La dimension confraternelle des charités a néanmoins perdurée dans notre région, à côté de leur dimension religieuse, jusqu’à la 1ère guerre mondiale qui en a généralement sonné le glas. Cette sociabilité se traduisait notamment par des temps conviviaux, banquet annuel lors de la fête patronale et autres temps de réjouissance. Un témoignage assez pittoresque nous en est donné par le grand-père de Mme Playoust-Chaussis qui a eu l’occasion de donner récemment une conférence sur les « Souvenirs d’un enfant de Saint-Mard à la fin du XIXème siècle ». Louis Herlin, prévôt de la Charité de La Chapelle-Montligeon en 1856-1857, constate ainsi dans un petit carnet de mémoires : « me laissent rêveur ces« raccommodages » : un surplis, une torche, un cierge! J’ai souvent ouï de beuveries, de rixes entre frères, voire de batailles à coups de « baratton » (de torche) entre charités de paroisses rivales ».
les « charités de paroisses rivales », sans doute faut-il compter celle de Saint-Mard, l’une des 89 confréries dénombrées dans l’Orne par l’ « Ordo » ou annuaire du diocèse de Sées à la fin du XIXème siècle, dont 31 dans le Perche ornais. Elle peut à juste s’enorgueillir de l’ancienneté de sa fondation : dès 1583, en effet, un testament sur parchemin conservé aux Archives départementales de l’Orne, atteste que « Messire Bernard Gaignon » constitue « deux livres de rente au jour Saint-Michel » en faveur des charités de Tourouvre et Saint-Mard-de-Réno, à charge pour celles-ci de célébrer des messes pour le salut de son âme.

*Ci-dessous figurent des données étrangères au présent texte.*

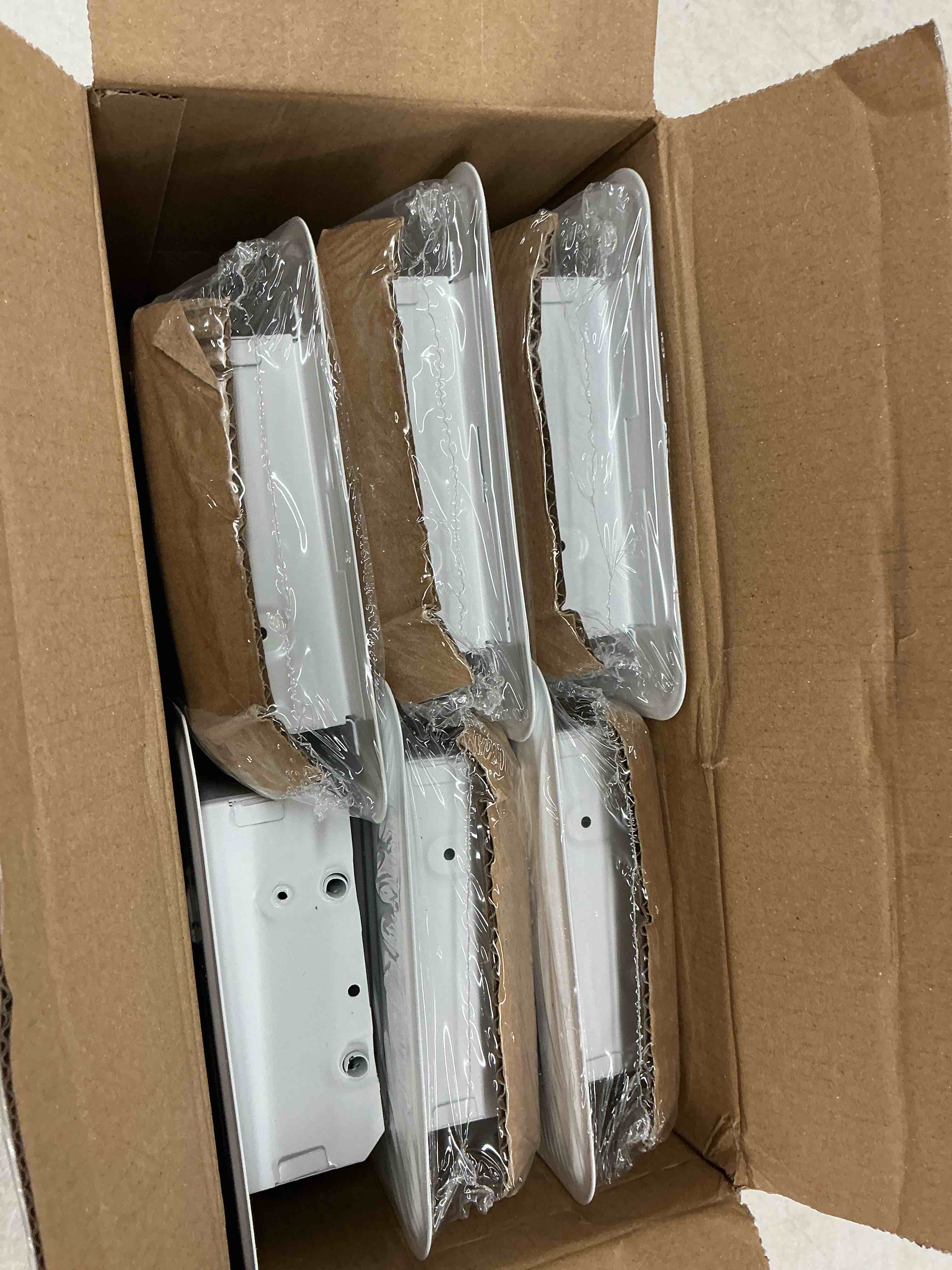 https://s3.amazonaws.com/lotting-images-prod/EmanualPiazza/PNK5164946_1781529911003.jpeg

Si le souvenir de la Charité a disparu de nos esprits, de nombreux témoignages subsistent donc encore dans l’église Saint-Médard : douze « chaperons » (petites écharpes, portées en travers de la poitrine) brodés au fil d’or et d’argent, de la fin du XIXème siècle ; trois draps mortuaires en laine et velours noir brodés au fil d’argent dont l’un vraisemblablement du XVIIIè, voire de la fin du XVIIème siècle ; deux bannières rouges de la fin du XIXème siècle, l’une en drap, l’autre en damas brodé aux fils d’or et de couleur ; huit torches avec leurs bâtons cannelés surmontés de coupelles en cuivre et peints en rouge strié de bandes blanches, dont la datation reste à préciser.
Ce patrimoine textile, fragile et menacé, mérite notre attention : parvenu jusqu’à nous, en dépit d’avatars successifs (dont la disparition de la Charité), il est à lui seul le symbole des formes anciennes de solidarité villageoise conçues pour épauler les démunis et accompagner plus généralement la population dans l’épreuve de la mort. C’est pour le sauvegarder que la première initiative mise en oeuvre par l’association « Patrimoine de Saint-Mard » a visé la restauration de l’une des bannières de la Charité. Gageons que d’autres opérations, encouragées par les produits des cotisations, dons et manifestations diverses organisées avec le concours de bénévoles (conférences, spectacle, vente de cartes postales…) permettront d’amplifier cet effort en faveur des formes les plus diverses de notre mémoire collective.
1 – Le « tintenelier » de la Charité de Saint-Mard, agitant des deux clochettes, avec son col à rabat et sa « dalmatique » (ornement de type religieux) : peinture sur bois de la voûte du choeur de l’église Saint-Médard, au Nord (gauche)
2 – Le Pélican nourrissant ses petits de ses entrailles, symbole de la charité : peinture sur bois de la voûte du choeur de l’église Saint-Médard, au Sud (droite).
3 – Le drap mortuaire de la Charité, velours et broderies aux fils d’or et d’argent, sans date (fin XVIIe -XVIIIe siècle), classé au titre des monuments historiques.
4 – Le verso de la bannière de la Charité, avec les représentations des deux saints « pesteux », Saint Médard et Saint Sébastien, drap de laine rouge, broderies aux fils d’or et d’argent, peinture sur toile (pour les visages). La bannière a été restaurée par Juliette DELIENS, de Rennes, avec le concours de la commune et de l’association « Patrimoine de Saint-Mard ».